Jürgen Schulze Seeger
Ist es auch so, Du kannst hingehen und sagen, okay, ist das wirklich genug, dass du nur nicht im Weg stehst?
Sabine Venske-Hess
Naja, natürlich.
Jürgen Schulze Seeger
Oder selbst bei sehr, sehr erfolgreichen Unternehmerinnen oder sehr, sehr erfolgreichen Führungskräften kann man ja immer noch die Frage ste Ja, du bist erfolgreich, dein Team ist erfolgreich, ihr reißt unglaubliche Dinge, aber käme nicht der Gedanke vielleicht dir auch in den Sinn, dass das vielleicht noch erfüllter gehen würde oder eben noch mehr möglich ist, wenn du noch ein paar weitere Kniffe anwendest oder noch ein paar Dinge installierst, die du bisher noch nicht installiert hast. Also insofern nähren wir auch durch unsere Angebote diesen Zweifel daran, ob das genug ist, was ich glaube, es ist nie genug irgendwie. Aber gleichzeitig gilt dann dieser Frage dich, ob du glücklich bist und du hörst auf es zu sein. Und damit schaffen wir Nachfrage nach unseren Trainingssitz. Ist das vielleicht ein bisschen zu kopfhart, wenn ich so da rangehe?
Sabine Venske-Hess
Glaube ich nicht. Mir fällt gerade eine Folge betreutes Fühlen ein, die ich gehört habe. Und da ging es auch um diesen Zwiespalt zwischen der Tatsache, dass wir Menschen irgendwie einerseits einen faulen Anteil in uns haben, da war eines der Bilder, wenn so eine Rasenfläche existiert in einem Park und der Weg nicht von vornherein so gelegt ist, dass es der kürzeste ist, der zu dem Punkt führt, wo ich hin möchte, dass wir dann eben einen neuen Weg austreten, weil ich müsste ja eventuell 0,32 Sekunden länger laufen, indem ich diesen Bogen mache. Und gleichzeitig setzen wir uns auf Fahrräder, ziehen Joggingschuhe an und versuchen jeweils irgendwie unsere bisherigen Bestmarken zu übertreffen. Also irgendwie ist es ja in sich ein vide Widerspruch. Und ganz klare wissenschaftliche Erkenntnisse sagen, dass wir diesen Wunsch nach Steigerung, Verbesserung, nach noch mal mehr tatsächlich tief in uns tragen, die meisten von uns also wirklich die absolut überwiegende Mehrheit und eine Runde klug geschwätzt. Welche Forschungsergebnisse stützen die Idee, dass Menschen sich tatsächlich von selbst aus weiterentwickeln wollen?

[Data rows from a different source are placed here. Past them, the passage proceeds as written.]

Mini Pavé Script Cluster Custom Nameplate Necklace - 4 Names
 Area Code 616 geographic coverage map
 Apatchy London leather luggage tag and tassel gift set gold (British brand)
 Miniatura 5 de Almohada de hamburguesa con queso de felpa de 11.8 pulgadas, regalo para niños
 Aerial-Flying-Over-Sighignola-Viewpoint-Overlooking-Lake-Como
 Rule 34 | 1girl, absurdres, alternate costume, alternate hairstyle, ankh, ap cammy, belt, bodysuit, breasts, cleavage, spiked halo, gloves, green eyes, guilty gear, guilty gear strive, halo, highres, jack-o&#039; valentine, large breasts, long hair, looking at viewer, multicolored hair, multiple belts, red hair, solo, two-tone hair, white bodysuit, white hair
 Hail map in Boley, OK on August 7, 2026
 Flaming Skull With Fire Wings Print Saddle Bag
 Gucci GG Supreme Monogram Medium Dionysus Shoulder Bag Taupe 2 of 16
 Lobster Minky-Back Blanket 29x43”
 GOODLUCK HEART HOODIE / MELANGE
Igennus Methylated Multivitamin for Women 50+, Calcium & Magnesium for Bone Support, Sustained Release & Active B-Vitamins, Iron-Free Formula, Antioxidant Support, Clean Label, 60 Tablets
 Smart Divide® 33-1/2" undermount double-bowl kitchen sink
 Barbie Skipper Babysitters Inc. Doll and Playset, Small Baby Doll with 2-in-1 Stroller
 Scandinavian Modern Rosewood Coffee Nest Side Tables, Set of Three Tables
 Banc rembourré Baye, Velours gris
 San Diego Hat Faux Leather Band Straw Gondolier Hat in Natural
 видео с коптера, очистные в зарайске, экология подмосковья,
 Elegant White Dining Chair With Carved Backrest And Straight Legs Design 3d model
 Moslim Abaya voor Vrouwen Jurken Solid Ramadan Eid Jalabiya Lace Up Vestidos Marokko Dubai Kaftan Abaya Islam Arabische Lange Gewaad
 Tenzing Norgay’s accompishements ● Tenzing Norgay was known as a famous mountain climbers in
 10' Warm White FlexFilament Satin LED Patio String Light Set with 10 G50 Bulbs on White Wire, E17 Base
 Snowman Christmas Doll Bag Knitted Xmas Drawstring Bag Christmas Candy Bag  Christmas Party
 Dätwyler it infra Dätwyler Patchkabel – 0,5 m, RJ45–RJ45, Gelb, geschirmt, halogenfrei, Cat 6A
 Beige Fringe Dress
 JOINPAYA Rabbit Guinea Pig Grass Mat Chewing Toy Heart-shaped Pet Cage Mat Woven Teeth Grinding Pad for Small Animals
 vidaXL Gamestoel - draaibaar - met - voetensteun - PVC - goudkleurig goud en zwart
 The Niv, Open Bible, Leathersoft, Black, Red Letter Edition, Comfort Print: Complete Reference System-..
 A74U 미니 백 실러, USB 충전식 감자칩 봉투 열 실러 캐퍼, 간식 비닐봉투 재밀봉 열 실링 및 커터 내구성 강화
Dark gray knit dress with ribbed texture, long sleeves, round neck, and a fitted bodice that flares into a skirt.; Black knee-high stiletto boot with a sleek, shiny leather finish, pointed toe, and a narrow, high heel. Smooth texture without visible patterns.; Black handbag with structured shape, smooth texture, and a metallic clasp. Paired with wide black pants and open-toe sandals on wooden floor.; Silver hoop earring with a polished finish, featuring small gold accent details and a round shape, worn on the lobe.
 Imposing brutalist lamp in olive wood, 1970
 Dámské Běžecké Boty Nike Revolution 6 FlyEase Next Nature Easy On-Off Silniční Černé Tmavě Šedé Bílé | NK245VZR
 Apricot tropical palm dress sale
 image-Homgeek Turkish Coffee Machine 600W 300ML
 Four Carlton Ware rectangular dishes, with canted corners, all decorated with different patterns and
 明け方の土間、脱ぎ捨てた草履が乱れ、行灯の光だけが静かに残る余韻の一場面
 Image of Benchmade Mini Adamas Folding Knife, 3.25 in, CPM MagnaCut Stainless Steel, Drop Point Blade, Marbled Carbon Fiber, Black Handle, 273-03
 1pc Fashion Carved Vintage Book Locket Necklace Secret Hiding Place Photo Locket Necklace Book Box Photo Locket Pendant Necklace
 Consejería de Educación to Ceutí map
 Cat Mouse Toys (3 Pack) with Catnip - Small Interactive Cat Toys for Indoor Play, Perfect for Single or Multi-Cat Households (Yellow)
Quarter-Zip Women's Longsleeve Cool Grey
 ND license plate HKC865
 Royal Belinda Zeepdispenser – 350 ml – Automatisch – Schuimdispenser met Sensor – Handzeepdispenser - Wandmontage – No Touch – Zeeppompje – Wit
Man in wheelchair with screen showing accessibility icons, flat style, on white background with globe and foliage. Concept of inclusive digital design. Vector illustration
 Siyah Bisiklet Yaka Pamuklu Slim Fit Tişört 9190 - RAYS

Allen voran ist bei allen Recherchen das Ergebnis immer wieder die Selbstbestimmungstheorie oder Self Determination Theory. Und in diesem Zusammenhang ist mehrfach nachgewiesen, dass wir Menschen, wenn wir unsere drei psychologischen Grundbedürfnisse erfüllt sehen, tatsächlich auch wachsen wollen. Und diese Grundbedürfnisse sind Autonomie, also dass ich selber bestimmen kann, wie ich handle. Das zweite ist kompetent, das heißt dieses Wirksamkeitsgefü Ich kann was, ich bin fähig zu etwas und ich bewirke auch etwas. Und das dritte ist die soziale Eingebundenheit. Ich gehöre dazu, ich bin mit anderen verbunden. Wenn diese drei Grundbedürfnisse erfüllt sind, dann gibt es die intrinsische Motivation, dass wir freiwillig und mit Freude Aufgaben ausüben, wachsen und uns entwickeln und tatsächlich auch lernen miteinander und auch mit uns selbst.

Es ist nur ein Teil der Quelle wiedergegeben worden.